Exercise directions - Write out exactly the lines of the entries below, from the first through the line containing "G-STAR RAW Noxer High Straight Jeans Homme G-STAR", and nothing beyond them.

(Items from a data source)

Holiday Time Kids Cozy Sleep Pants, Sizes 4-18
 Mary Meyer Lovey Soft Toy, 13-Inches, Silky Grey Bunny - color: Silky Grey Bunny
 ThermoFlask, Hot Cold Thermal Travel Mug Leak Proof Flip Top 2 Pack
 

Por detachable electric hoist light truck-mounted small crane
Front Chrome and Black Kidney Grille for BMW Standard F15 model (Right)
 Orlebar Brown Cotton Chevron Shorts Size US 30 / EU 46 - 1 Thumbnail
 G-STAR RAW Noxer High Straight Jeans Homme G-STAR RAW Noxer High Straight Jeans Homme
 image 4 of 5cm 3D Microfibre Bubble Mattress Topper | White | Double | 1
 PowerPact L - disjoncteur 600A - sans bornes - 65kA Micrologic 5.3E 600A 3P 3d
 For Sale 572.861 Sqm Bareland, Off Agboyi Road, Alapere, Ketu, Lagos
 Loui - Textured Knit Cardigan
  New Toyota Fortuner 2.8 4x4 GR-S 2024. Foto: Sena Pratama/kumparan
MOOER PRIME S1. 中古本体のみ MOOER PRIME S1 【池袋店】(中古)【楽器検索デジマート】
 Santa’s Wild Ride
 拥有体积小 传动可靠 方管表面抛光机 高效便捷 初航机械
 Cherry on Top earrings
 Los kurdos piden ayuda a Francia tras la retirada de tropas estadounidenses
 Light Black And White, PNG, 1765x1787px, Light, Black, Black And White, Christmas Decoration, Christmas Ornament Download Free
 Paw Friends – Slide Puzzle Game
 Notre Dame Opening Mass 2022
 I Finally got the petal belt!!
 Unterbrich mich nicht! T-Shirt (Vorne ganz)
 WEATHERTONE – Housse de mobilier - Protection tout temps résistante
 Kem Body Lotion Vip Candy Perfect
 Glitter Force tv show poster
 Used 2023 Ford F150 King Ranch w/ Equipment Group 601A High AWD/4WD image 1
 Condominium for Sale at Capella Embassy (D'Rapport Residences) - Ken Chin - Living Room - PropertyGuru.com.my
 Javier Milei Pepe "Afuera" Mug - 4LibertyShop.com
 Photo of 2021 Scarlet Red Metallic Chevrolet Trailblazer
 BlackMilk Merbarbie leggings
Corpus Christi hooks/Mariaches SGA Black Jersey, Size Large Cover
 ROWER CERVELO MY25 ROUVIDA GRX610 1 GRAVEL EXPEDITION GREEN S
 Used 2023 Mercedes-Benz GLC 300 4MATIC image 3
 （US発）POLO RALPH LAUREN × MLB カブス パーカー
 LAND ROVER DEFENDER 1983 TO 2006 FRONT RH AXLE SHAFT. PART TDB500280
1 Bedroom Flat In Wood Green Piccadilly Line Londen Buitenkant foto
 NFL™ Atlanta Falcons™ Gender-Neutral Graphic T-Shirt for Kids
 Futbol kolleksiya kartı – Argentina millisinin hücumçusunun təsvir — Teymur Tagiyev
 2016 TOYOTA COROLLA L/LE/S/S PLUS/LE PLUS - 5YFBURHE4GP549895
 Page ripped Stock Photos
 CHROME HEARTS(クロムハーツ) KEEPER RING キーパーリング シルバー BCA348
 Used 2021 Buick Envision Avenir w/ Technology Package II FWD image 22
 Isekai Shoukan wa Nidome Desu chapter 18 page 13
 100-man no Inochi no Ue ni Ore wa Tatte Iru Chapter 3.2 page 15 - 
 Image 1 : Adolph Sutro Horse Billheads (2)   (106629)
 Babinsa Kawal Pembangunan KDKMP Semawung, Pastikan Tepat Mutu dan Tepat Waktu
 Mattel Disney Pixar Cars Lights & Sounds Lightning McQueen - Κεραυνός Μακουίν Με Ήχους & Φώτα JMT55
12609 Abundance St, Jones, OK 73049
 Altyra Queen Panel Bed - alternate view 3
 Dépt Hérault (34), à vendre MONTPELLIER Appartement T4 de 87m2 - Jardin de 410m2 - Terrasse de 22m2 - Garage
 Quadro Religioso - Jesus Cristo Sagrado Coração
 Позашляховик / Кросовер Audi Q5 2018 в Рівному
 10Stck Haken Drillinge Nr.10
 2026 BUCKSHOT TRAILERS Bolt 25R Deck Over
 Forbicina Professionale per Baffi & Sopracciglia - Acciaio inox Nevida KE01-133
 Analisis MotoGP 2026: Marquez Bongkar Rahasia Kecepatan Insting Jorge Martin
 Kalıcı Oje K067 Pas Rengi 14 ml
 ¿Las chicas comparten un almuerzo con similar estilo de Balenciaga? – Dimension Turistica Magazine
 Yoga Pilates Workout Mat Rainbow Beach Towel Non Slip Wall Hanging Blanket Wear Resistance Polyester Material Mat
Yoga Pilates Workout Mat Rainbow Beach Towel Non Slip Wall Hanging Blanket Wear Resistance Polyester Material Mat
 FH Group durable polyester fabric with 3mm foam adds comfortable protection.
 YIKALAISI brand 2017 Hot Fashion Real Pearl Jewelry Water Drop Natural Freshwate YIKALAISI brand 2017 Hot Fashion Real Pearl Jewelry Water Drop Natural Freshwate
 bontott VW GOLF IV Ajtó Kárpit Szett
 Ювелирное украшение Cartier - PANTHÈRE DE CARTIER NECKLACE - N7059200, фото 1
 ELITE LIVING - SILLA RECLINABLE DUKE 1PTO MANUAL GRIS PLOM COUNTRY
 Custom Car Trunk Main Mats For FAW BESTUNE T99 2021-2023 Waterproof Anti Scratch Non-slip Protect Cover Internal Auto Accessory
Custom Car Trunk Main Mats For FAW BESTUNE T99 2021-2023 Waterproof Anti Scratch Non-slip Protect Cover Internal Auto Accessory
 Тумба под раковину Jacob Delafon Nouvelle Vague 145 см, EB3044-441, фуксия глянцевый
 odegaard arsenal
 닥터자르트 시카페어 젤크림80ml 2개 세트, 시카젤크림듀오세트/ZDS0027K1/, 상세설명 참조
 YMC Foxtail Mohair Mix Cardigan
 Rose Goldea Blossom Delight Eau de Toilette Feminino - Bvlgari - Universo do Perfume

Exercise response -
Holiday Time Kids Cozy Sleep Pants, Sizes 4-18
 Mary Meyer Lovey Soft Toy, 13-Inches, Silky Grey Bunny - color: Silky Grey Bunny
 ThermoFlask, Hot Cold Thermal Travel Mug Leak Proof Flip Top 2 Pack
 

Por detachable electric hoist light truck-mounted small crane
Front Chrome and Black Kidney Grille for BMW Standard F15 model (Right)
 Orlebar Brown Cotton Chevron Shorts Size US 30 / EU 46 - 1 Thumbnail
 G-STAR RAW Noxer High Straight Jeans Homme G-STAR RAW Noxer High Straight Jeans Homme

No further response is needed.